Memórias primárias


Ana Maria. Ainda sinto o seu cheiro e oiço a sua voz. Já lá vão 35 anos e ainda trago na memória estas lembranças primárias. Tenho sempre a sensação que já passaram 50 e que o tempo passa a correr, mas afinal não é assim. O meu tempo não é como o tempo dos outros. Talvez seja por isso que aparento ter 20 em vez de 40 anos.
A minha primeira professora, foi como minha familiar sem ser efetivamente da família. Não era de sangue, era de coração. Tenho muitas saudades dela e nem sequer sei se ainda está viva. Pelo menos, na minha memória, está, e isso basta....
Estes meus compinchas de recreio e sala de aula, foram as minhas primeiras lições de amizade, partilha, compromisso, brincadeira, amor, patetices e muito mais...
Ainda tenho os seus nomes cá dentro, mas há um nome especial, não fosse ele uma pessoa especial. Este menino sentado ao pé da professora, tinha um problema no seu desenvolvimento cognitivo. Não sei ao certo qual era a sua condição. A professora nunca comentou nada connosco, talvez porque não o quisesse diferenciar dos outros. Apenas tratava-o com amor, carinho e atenção. Já vos contei que tive um Júlio na minha vida, o menino com trissomia 21, agora tinha o Paulinho, era assim que lhe chamava.
O Paulinho adorava ouvir música, passava o seu tempo a cantarolar e a fazer rap com as batidas que caracterizam este estilo musical. Já na minha adolescência, encontrei-o a passear na rua com uns auscultadores maiores que a sua cabeça, a fazer exatamente os mesmos sons com a boca ao sentir o ritmo da música. Aquele rapaz respirava felicidade! Já não posso dizer o mesmo de quem o observava, com um olhar reprovatório, como se fosse ali  um maluquinho.
Nesta turma, tinha amigos de todas as classes sociais, desde os mais pobres até aos mais "betinhos". Era natural, uma vez que estavamos perto de bairros sociais, "ilhas" e de moradias de gente importante das fábricas e indústrias portuenses existentes na época.
Tenho saudades das brincadeiras de recreio, da disciplina imposta pela professora, dos passeios que fazíamos, das patetices quando a professora se ausentava da sala, das danças que o Paulinho fazia em cima da carteira, do cheiro a fresco dos livros e do cheiro bom que se esgueirava da cantina. Não tenho saudades das reguadas, de ser chamada ao quadro e dos meninos mal comportados que nos roubavam o lanche. Naquela altura, o bullying já existia mas tinha outro nome menos pomposo, sem uso do estrangeirismo. Apesar das reguadas nos "acertarem o passo" e não gostarmos nada, hoje podemos dizer, seguramente, que eram um incentivo a fazermos melhor todos os dias. Aquilo que achamos ser um castigo, pode na realidade ser a nossa motivação para crescermos interiormente, dando espaço ao nosso auto-conhecimento e a estarmos mais atentos ao  mundo que nos rodeia.

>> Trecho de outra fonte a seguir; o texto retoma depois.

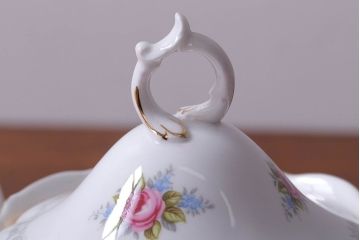 アンティーク雑貨　イギリス　Royal Albert(ロイヤルアルバート)　Tranquillity(トランキュリティ)シリーズ　ティーポット・シュガー・クリーマー3点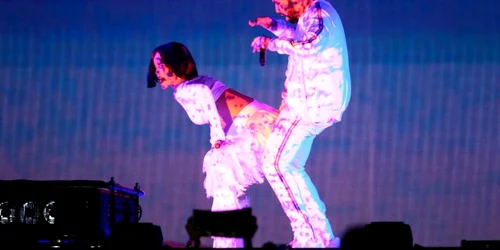 rihanna brit awards 2016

Tive uma infância cheia de aprendizagens, porque o presente educativo que me deram em casa foi sempre à base do amor, tolerância, compreensão, humildade, gratidão, respeito, aceitação, liberdade e comunicação. Na escola, aprendi o hino, a escrever, a ler, a somar/dividir/multiplicar/subtrair, a tabuada e, uma coisa importante que toda a gente esquece, aprendi a Ser e a escalar montanhas. Tudo por culpa dos compinchas e da professora Ana Maria. Foi sempre a somar coisas boas e outras menos boas até aos dias de hoje. E ainda tenho mais 90% de RAM no meu cérebro, para usar e ocupar, com aquilo que ainda falta fazer pelos outros, pelos Júlios, pelos Paulinhos e essencialmente, por mim.
Sem recebermos algo dos outros, não conseguimos dar nada de nós, e vice-versa.